Tangem, a non-custodial hardware wallet, is quickly gaining traction among cryptocurrency enthusiasts for its staking capabilities, allowing users to earn rewards through native staking on various networks including Tron, Cosmos, Solana, Binance Smart Chain, and Polygon. With plans to expand support to networks like Cardano, Polkadot, and Avalanche, Tangem is positioning itself as a comprehensive solution for managing and growing digital assets.
Staking on Tangem operates by having users download the Tangem Wallet app, select a cryptocurrency, and specify an amount to stake. Users can delegate their tokens to a validator, with the app offering automatic recommendations for the most profitable options. While multiple cryptocurrencies can be staked simultaneously, users are limited to selecting one validator per transaction.
The wallet employs advanced security measures, meeting the EAL6+ standard, and users maintain full control over their private keys stored on physical Tangem cards.
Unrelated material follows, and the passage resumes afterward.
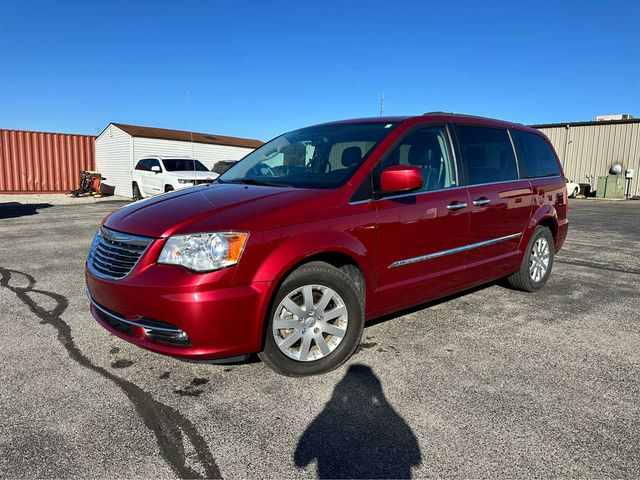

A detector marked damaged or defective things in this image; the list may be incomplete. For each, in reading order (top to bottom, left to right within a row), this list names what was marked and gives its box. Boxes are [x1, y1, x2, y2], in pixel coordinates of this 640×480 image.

cracked pavement [0, 198, 636, 476]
The wallet also allows for liquid staking of specific networks like Solana, alongside various Ethereum Virtual Machine (EVM) networks, enhancing flexibility for users interested in diversifying their staking portfolios.
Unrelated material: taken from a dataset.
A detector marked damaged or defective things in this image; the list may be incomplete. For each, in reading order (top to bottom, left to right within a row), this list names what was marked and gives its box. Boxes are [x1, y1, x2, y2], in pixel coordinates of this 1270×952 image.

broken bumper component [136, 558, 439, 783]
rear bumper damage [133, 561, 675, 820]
Recently, Tangem introduced a new validator for Solana staking, providing an appealing annual percentage rate (APR) of 7.35%. In comparison, other popular wallets like Ledger and Trezor offer lower rates for Solana, making Tangem a competitive option for potential stakers. In contrast, centralized exchanges show variable APRs for Solana that may require higher fees for their services.
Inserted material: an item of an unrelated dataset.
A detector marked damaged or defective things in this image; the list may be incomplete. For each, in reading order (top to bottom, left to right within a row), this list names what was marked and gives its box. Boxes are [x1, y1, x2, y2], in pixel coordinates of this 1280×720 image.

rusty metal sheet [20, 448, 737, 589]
Despite the advantages, staking on Tangem comes with risks, particularly related to slashing if the chosen validators misbehave. However, users will have their stakes protected by Tangem’s native staking provider, StakeKit. The process of claiming rewards is also straightforward, though the timing for receiving these rewards can vary based on the chosen network. Some networks may distribute rewards within hours, while others may take several days to process staking rewards.
Tangem’s user interface simplifies the staking process, though it does not support direct participation in on-chain governance, which requires users to interact with external platforms for governance activities. Furthermore, while users can currently stake a limited number of digital assets, there are expectations for more networks to be integrated in the near future.
For those considering alternatives, the best staking wallets may appeal to users looking for broader asset support, higher yields, and more integrated decentralized finance (DeFi) options. These alternatives often leverage staking aggregators to maximize returns across various validators.
In summary, Tangem offers a secure, user-friendly solution for cryptocurrency staking, particularly appealing to those who prioritize custody of their private keys and seek competitive staking rewards. While the limitations in the number of supported assets may not suit every user, the wallet continues to expand its offerings, making it a viable option for many in the crypto space.